(The data Opens)
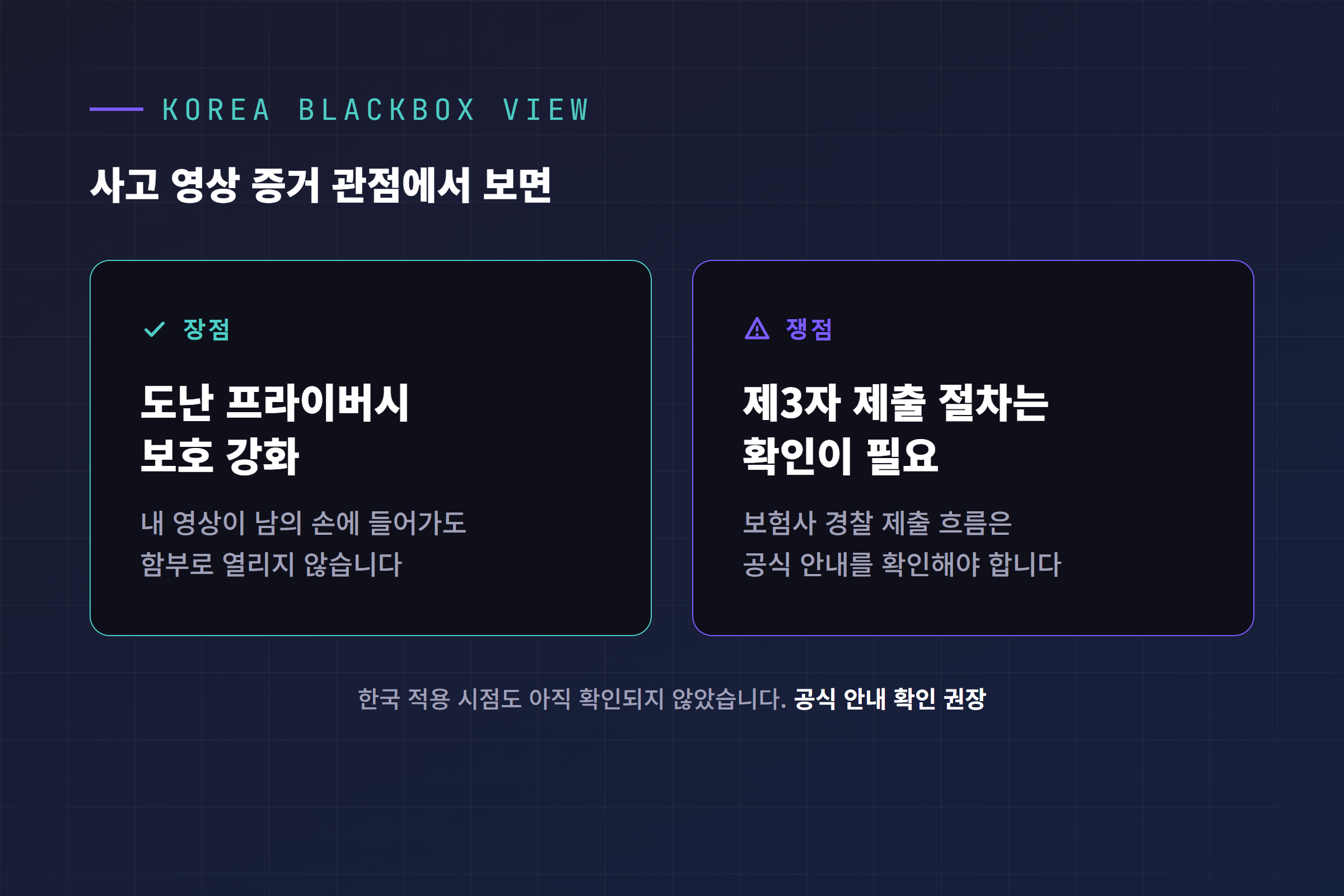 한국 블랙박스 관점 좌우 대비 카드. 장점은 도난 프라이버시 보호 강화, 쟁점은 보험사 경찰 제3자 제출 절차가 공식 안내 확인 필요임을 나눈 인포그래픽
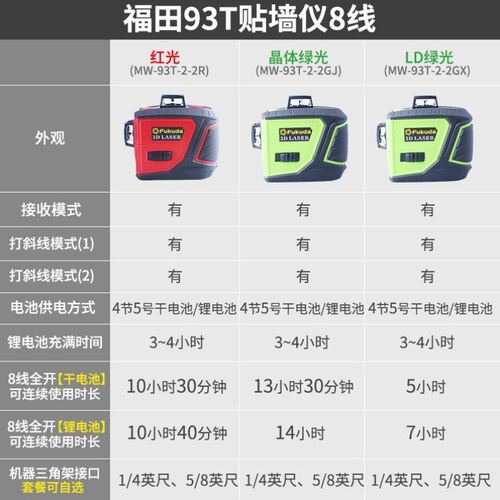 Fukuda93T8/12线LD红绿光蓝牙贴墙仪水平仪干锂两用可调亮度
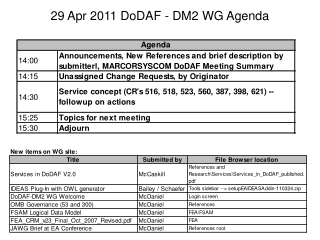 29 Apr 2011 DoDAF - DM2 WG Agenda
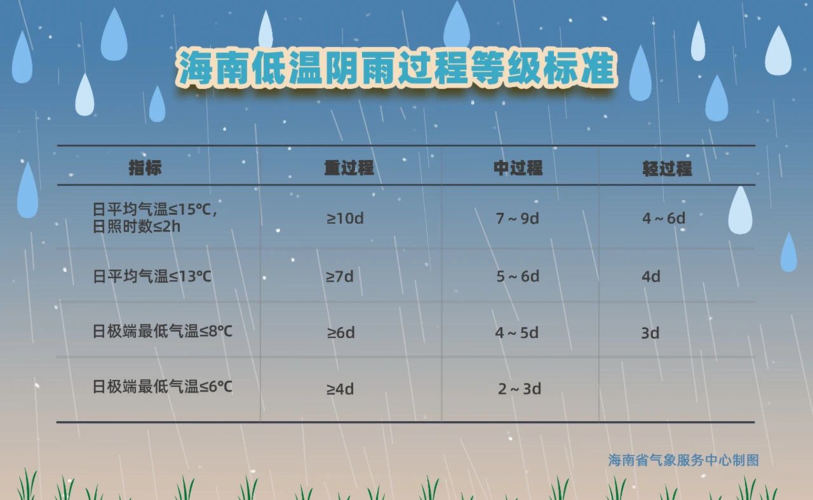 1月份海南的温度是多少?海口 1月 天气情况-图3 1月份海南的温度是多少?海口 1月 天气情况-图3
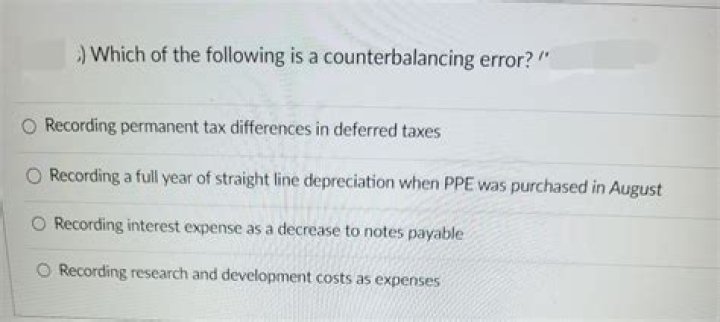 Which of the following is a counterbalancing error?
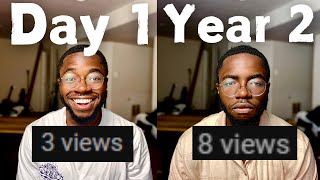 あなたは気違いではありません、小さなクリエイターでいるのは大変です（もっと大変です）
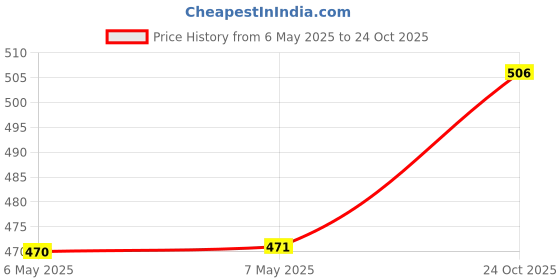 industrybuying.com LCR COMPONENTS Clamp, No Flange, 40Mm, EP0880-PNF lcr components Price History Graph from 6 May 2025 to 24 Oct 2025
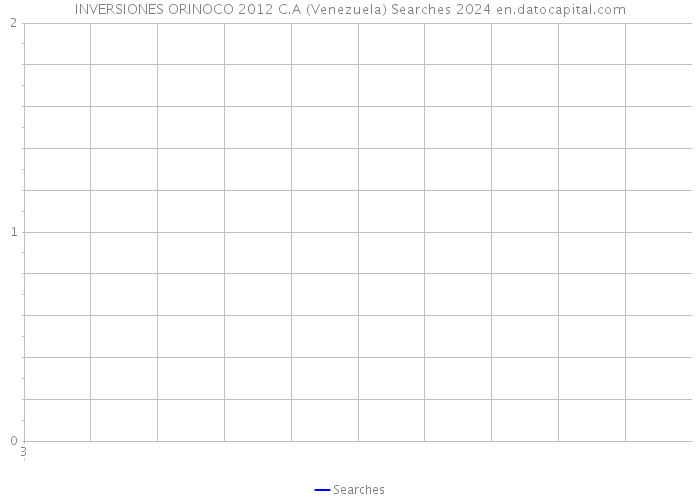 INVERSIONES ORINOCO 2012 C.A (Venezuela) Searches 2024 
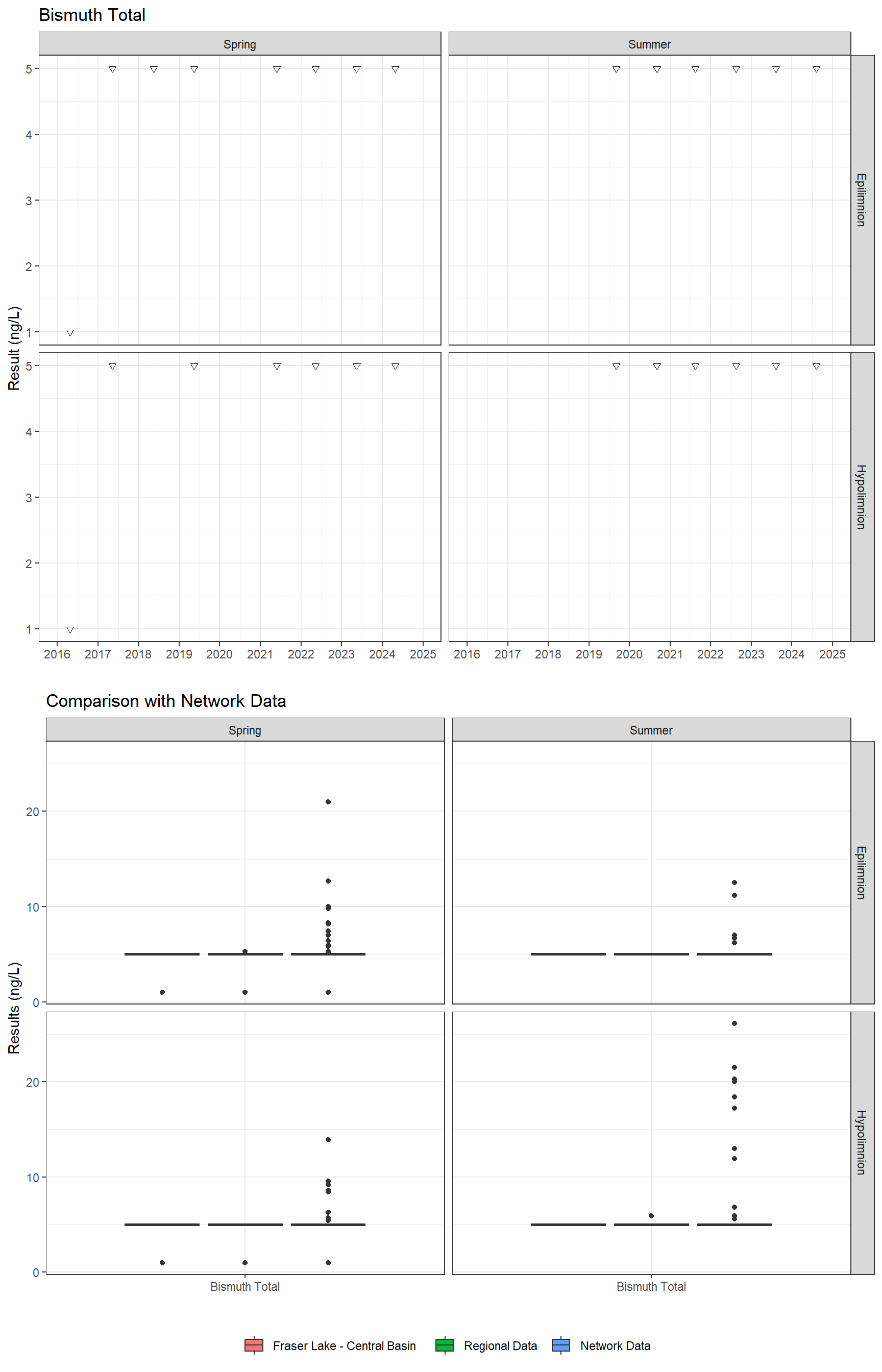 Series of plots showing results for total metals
(The data Closes)
Extract exactly the lines above from the line containing "INVERSIONES ORINOCO 2012" through the last one, both ends included, but not the pictures.

* Your response *
 INVERSIONES ORINOCO 2012 C.A (Venezuela) Searches 2024 
 Series of plots showing results for total metals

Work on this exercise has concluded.